The accumulation of trauma over generations doesn’t dissipate. It settles into the bodies of its inheritors. In Camille de Toledo’s novel Thésée, Sa Vie Nouvelle, one person attempts to identify and, perhaps, emancipate themselves from the decades of accumulated terror and pain that have infiltrated the very water in their body. In a stage adaptation of the same name, now in performance at the Festival d’Avignon’s Autre Scène, Guy Cassiers translates this journey of discovery on the stage. It is an exquisitely crafted production whose immaculate surfaces occasionally blunt the unruliness of its subject. Yet Valérie Dréville’s commanding performance lends the evening a gravity that its dramaturgy alone struggles to sustain.
A woman, on stage, contends with a recent suicide in her family. This death is one of a lineage of deaths that have come from the hands of others, their own hands, and the hands of illness, that have marked her family tree. She stands over a platform of family archives, largely images, as she attempts to collect a sense of what she’s inherited. She makes points of discovery, registering the sadness that has transformed these quotidian or nostalgic items into relics. At the play’s conclusion, a camera, which has projected these images, pulls back to reveal that the accumulation is also her portrait. Bram Delafonteyne’s videography provides one portion of the scenographic polish that will elevate this evening.
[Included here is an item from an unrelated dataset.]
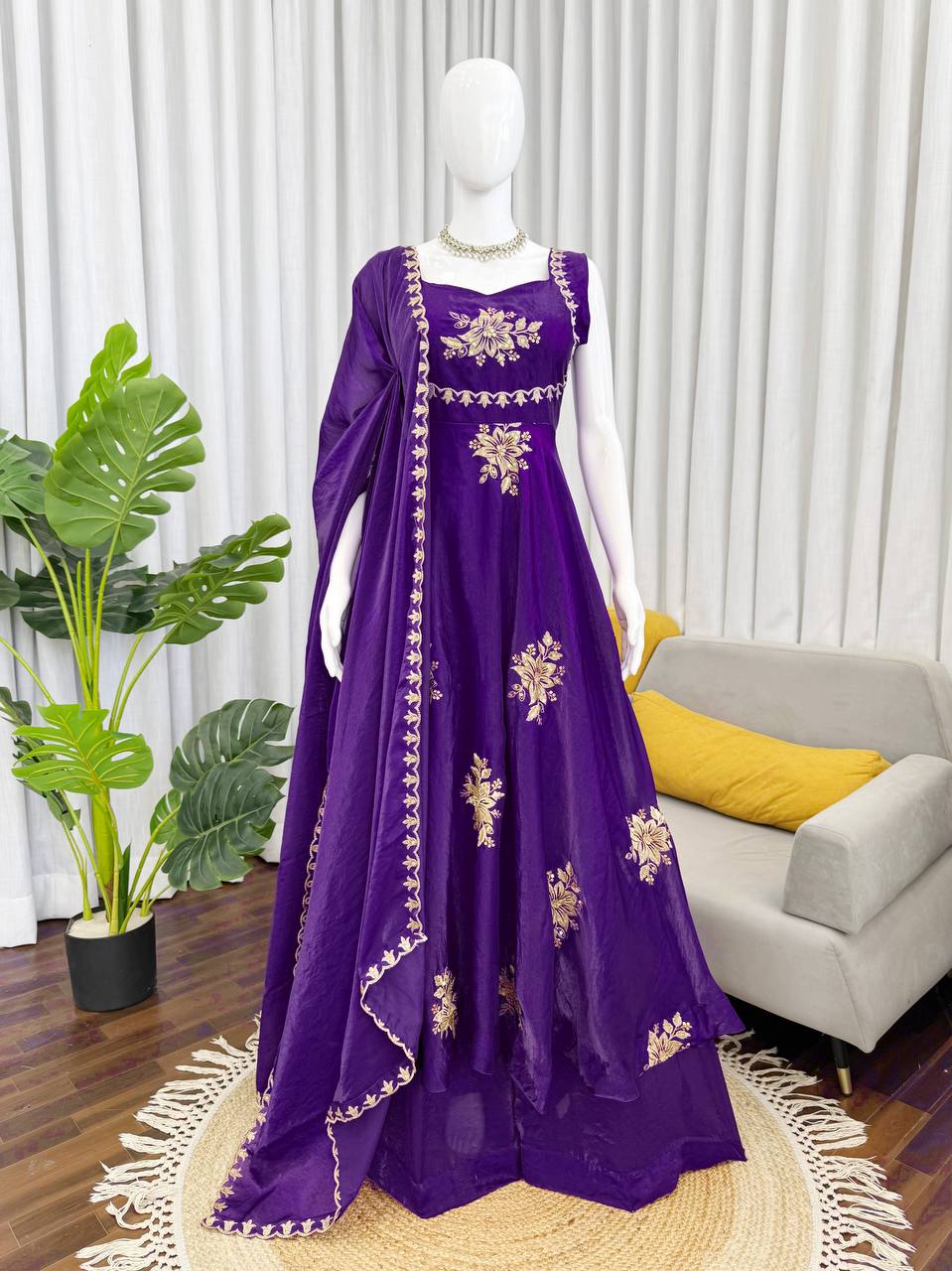 Royal purple embroidered Fendy silk Anarkali palazzo set with dupatta displayed on mannequin indoor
The evening's greatest strength is Valérie Dréville. Some monologues make you forget that they’re monologues. You leave wondering, “How did one actor create such a multivalent experience?” Thésée, Sa Vie Nouvelle, however, places us in an unrelenting introspection. Many of her discoveries are well-worn: the body keeps the score, you can’t outrun history, your ancestors can haunt you with their trauma. Though Valérie Dréville’s performance turns what could have been a piteous drone into a Racinian soliloquy. She shapes Toledo's winding prose with the assurance of someone speaking thoughts rather than reciting literature, allowing each syntactic turn to register as an emotional shift. She speaks with the confidence of a poet reciting their own work, rather than an actor constructing an adaptation of a novel on the stage.
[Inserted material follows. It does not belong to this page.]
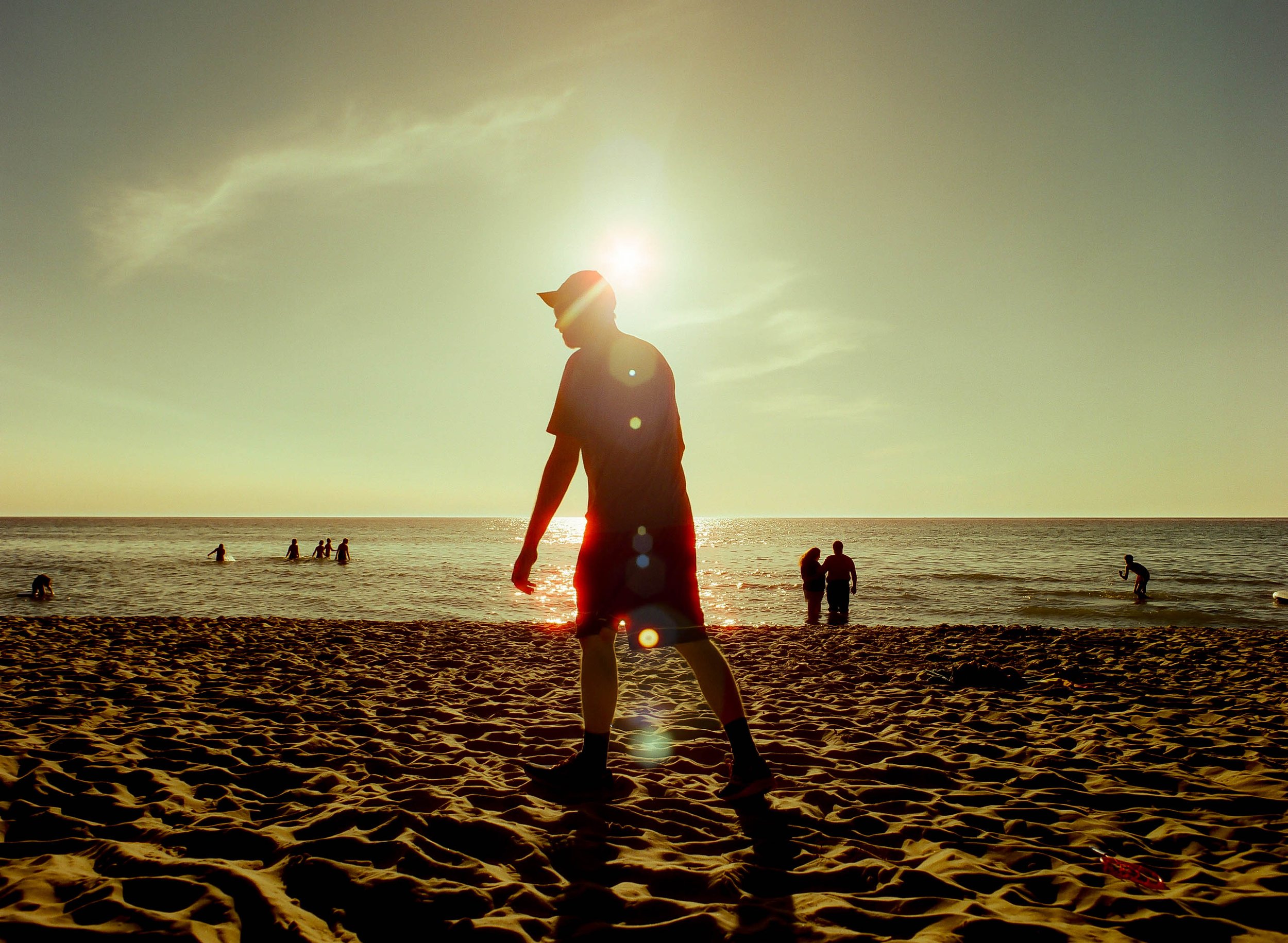 A person wearing a hat and shorts walking on a sandy beach during sunset, with several people in the water and on the beach, and a cloudy sky in the background.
Dramatic polish elevates and perhaps hinders Thésée. There is an immaculate quality to every aspect of the piece. Zélie Champeau’s subtle lighting gives us the elegant, dramatic mind-palace that Dréville explores. Jeroen Kenens’s sound design makes a melancholic haze for her to meditate within. Yet this very precision works against the play's investigation of inherited memory. Trauma rarely presents itself as coherent. Family history is reconstructed through contradiction, accident, and incomplete evidence. With so much scenic confidence and precision, the work’s final moment of cohesion with the reveal of the portrait is presumed rather than discovered. The pieces have already fallen together.